(Supplied data begins)

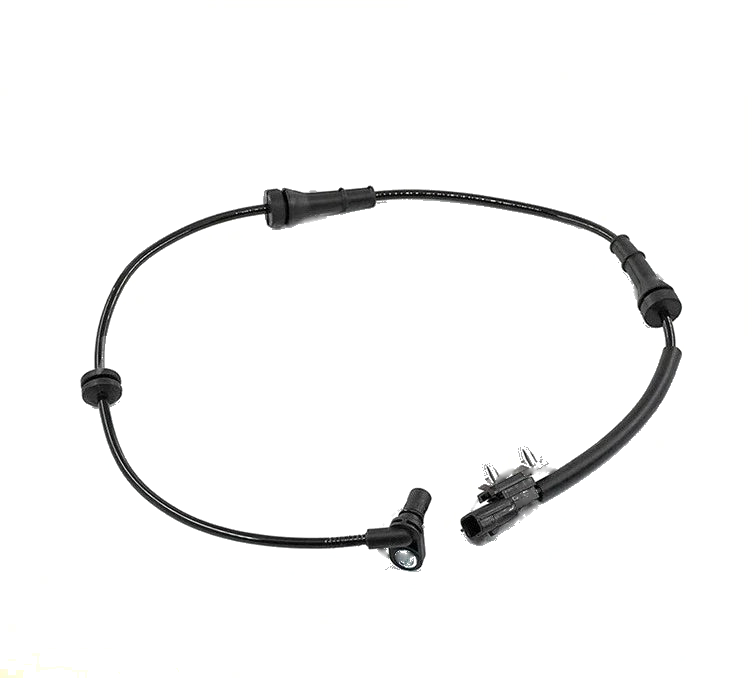 Nissan Navara D23 NP300 ABS Wheel Speed Sensor Left Front (2014–2020)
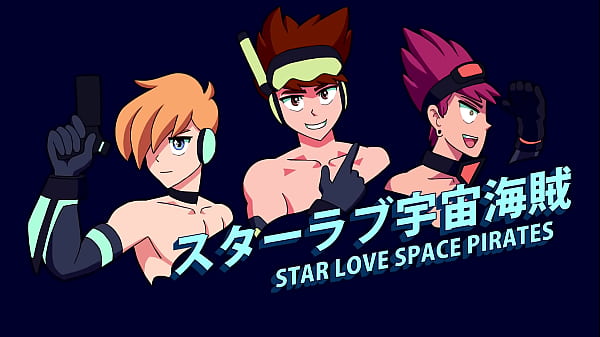 Image Star Love Space Pirates - Maruten [portugu&ecirc_s]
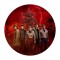 Lámina Stranger Things Stranger Things Demogorgon Circ.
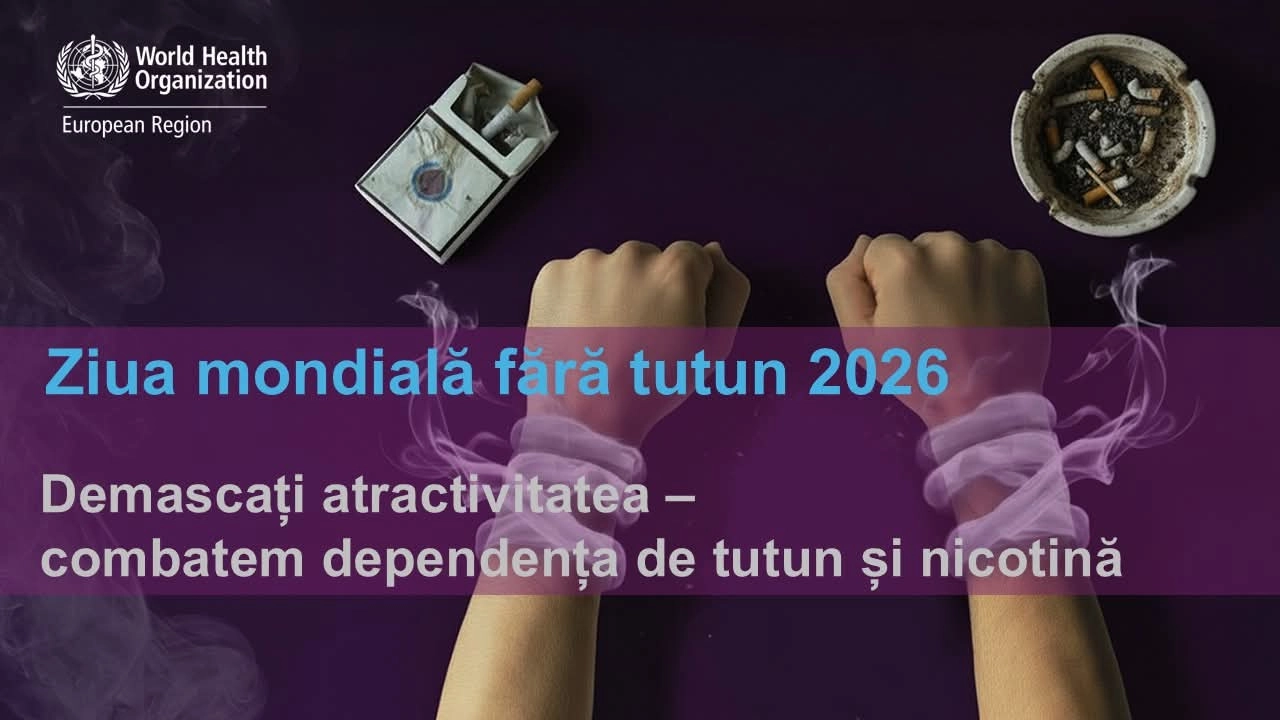 Noi reguli pentru fumători din iunie 2026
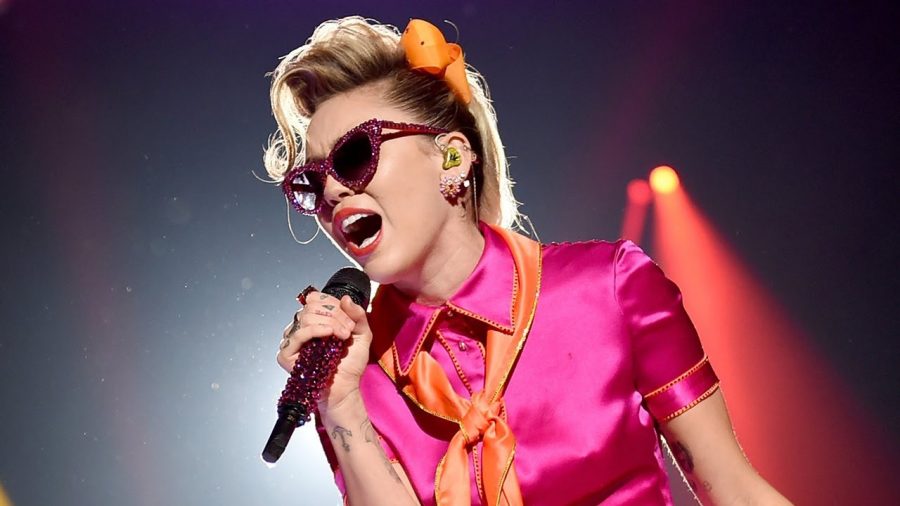 New Miley Cyrus album showcases growth, true emotion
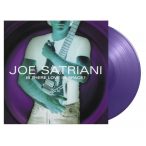  JOE SATRIANI - Is There Love In Space?  / vinyl bakelit / 2xLP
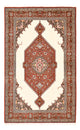 Alfombra persa - Nómada - 256 x 160 cm - rojo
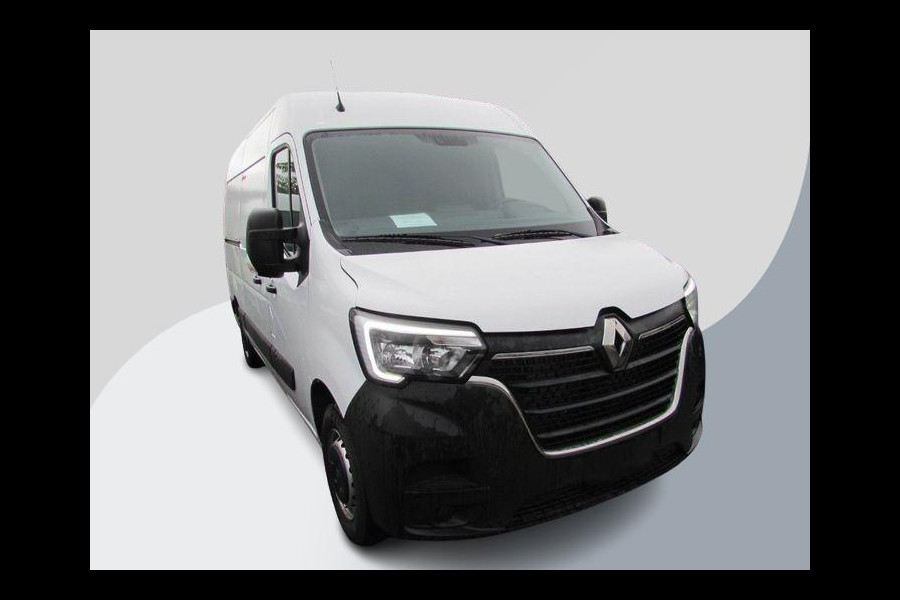 Renault Master T33 2.3 dCi 135 L2H2 Comfort 135pk | Airco | Cruise Controle | BPM vrij | Compleet ingericht, incl. werkbank!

(Supplied data ends)

With no pictures included, write out the entries exactly.

 Nissan Navara D23 NP300 ABS Wheel Speed Sensor Left Front (2014–2020)
 Image Star Love Space Pirates - Maruten [portugu&ecirc_s]
 Lámina Stranger Things Stranger Things Demogorgon Circ.
 Noi reguli pentru fumători din iunie 2026
 New Miley Cyrus album showcases growth, true emotion
  JOE SATRIANI - Is There Love In Space?  / vinyl bakelit / 2xLP
 Alfombra persa - Nómada - 256 x 160 cm - rojo
 Renault Master T33 2.3 dCi 135 L2H2 Comfort 135pk | Airco | Cruise Controle | BPM vrij | Compleet ingericht, incl. werkbank!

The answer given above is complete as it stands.